GUEST MOVIE REVIEW: The Howling

In the third part of CM Saunders’ five-part series, he talks about The Howling.

Top 5 Eighties Horror Flicks #3

Title: The Howling
Year of Release: 1981
Director: Joe Dante
Length: 89 minutes
Starring: Dee Wallace, Patrick Macnee, Dennis Dugan, Christopher Stone, Slim Pickens, John Carradine, Elisabeth Brooks

Humour, often coupled with OTT excess, was a common staple in eighties horror movies. It was symptomatic of the times, when a large percentage of people had more money than they knew what to do with and many were off their tits on coke. It was a good time. This humour seems especially suited to werewolf movies as if someone way back in the day decided there was something knee-slappingly funny about people transforming into humungous wolf-like creatures and ripping innocent bystanders into bloody pieces.

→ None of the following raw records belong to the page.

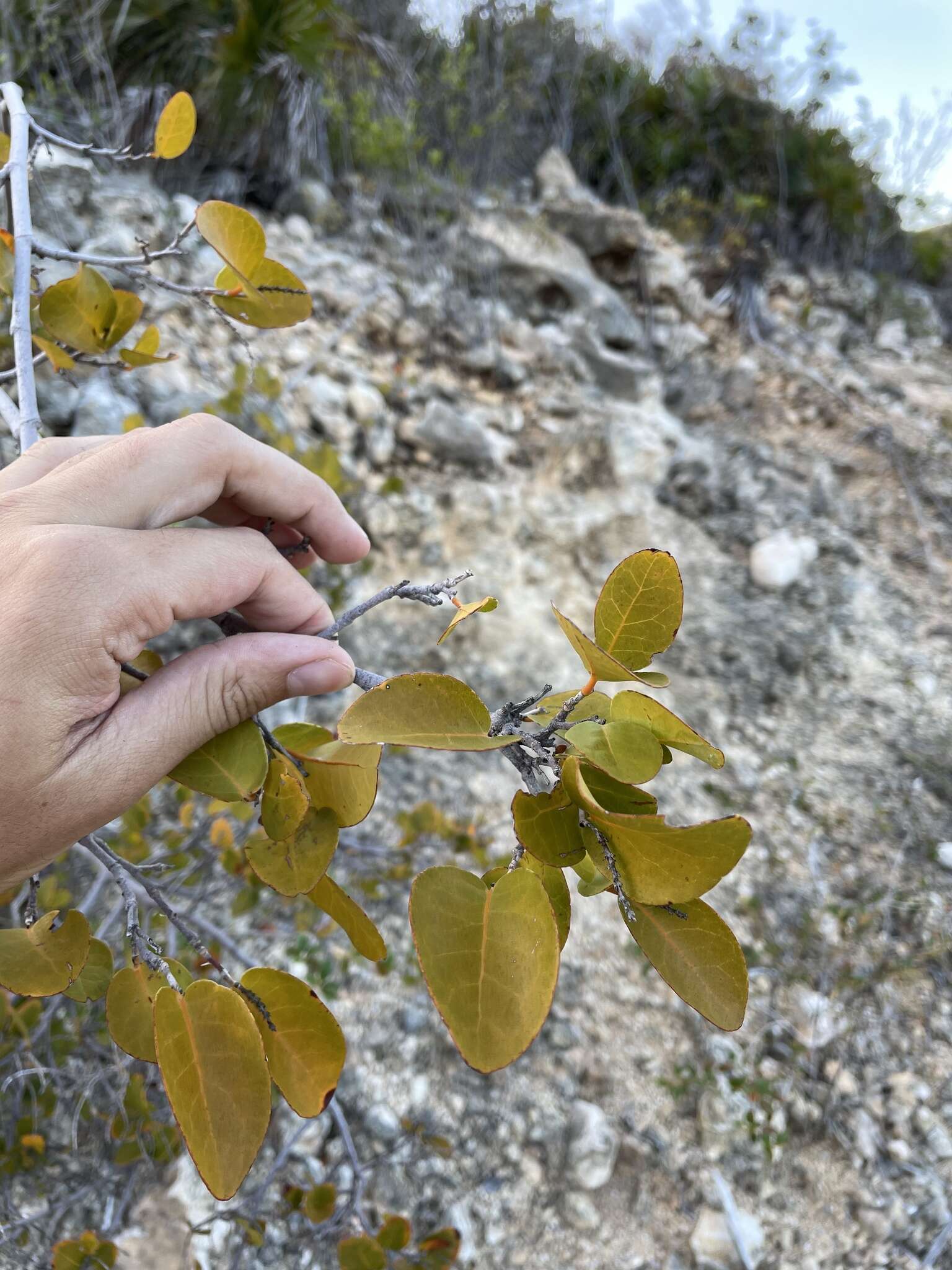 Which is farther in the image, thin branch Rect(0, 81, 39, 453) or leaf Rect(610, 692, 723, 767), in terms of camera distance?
thin branch Rect(0, 81, 39, 453)

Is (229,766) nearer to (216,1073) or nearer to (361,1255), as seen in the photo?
(216,1073)

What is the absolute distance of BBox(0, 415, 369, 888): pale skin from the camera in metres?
0.50

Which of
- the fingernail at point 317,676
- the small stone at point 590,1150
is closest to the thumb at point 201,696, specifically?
the fingernail at point 317,676

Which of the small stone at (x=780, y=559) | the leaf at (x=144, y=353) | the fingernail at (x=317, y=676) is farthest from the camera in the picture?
the small stone at (x=780, y=559)

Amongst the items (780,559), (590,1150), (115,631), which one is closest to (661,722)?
(115,631)

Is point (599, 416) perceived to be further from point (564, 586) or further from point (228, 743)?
point (228, 743)

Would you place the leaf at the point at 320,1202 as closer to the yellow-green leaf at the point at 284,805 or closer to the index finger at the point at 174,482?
the yellow-green leaf at the point at 284,805

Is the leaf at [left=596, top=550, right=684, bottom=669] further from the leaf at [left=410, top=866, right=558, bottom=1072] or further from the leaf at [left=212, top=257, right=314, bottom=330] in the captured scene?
the leaf at [left=212, top=257, right=314, bottom=330]

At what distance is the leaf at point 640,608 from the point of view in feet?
1.46

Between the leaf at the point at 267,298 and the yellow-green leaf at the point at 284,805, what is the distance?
0.45m

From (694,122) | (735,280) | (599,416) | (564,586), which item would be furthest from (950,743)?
(694,122)

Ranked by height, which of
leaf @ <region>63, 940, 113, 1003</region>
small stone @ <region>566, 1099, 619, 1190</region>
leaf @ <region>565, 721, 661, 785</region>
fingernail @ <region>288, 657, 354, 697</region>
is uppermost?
leaf @ <region>565, 721, 661, 785</region>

While far more subtle than some examples, the humour is still evident in Joe Dante’s classic The Howling. The script, adapted from Gary Brandner’s novel by screenwriter John Sayles who had previously worked with Dante on tongue-in-cheek classic Piranha, positively drips with satire (“You were raised in LA, the wildest thing you ever heard was Wolfman Jack.”) and the humour moves centre-stage right at the very end, as if the makers simply couldn’t contain themselves any longer. But let’s not get ahead of ourselves. The fact is that even now, over four decades after it was first released, The Howling is still a brutal, terrifying, and deeply disturbing journey into the dark heart of the lycanthrope legend which has long been considered a metaphor for the beast lurking inside all of us, something which is hinted at several times throughout the movie. If you’ve never seen it, that’s something you need to rectify.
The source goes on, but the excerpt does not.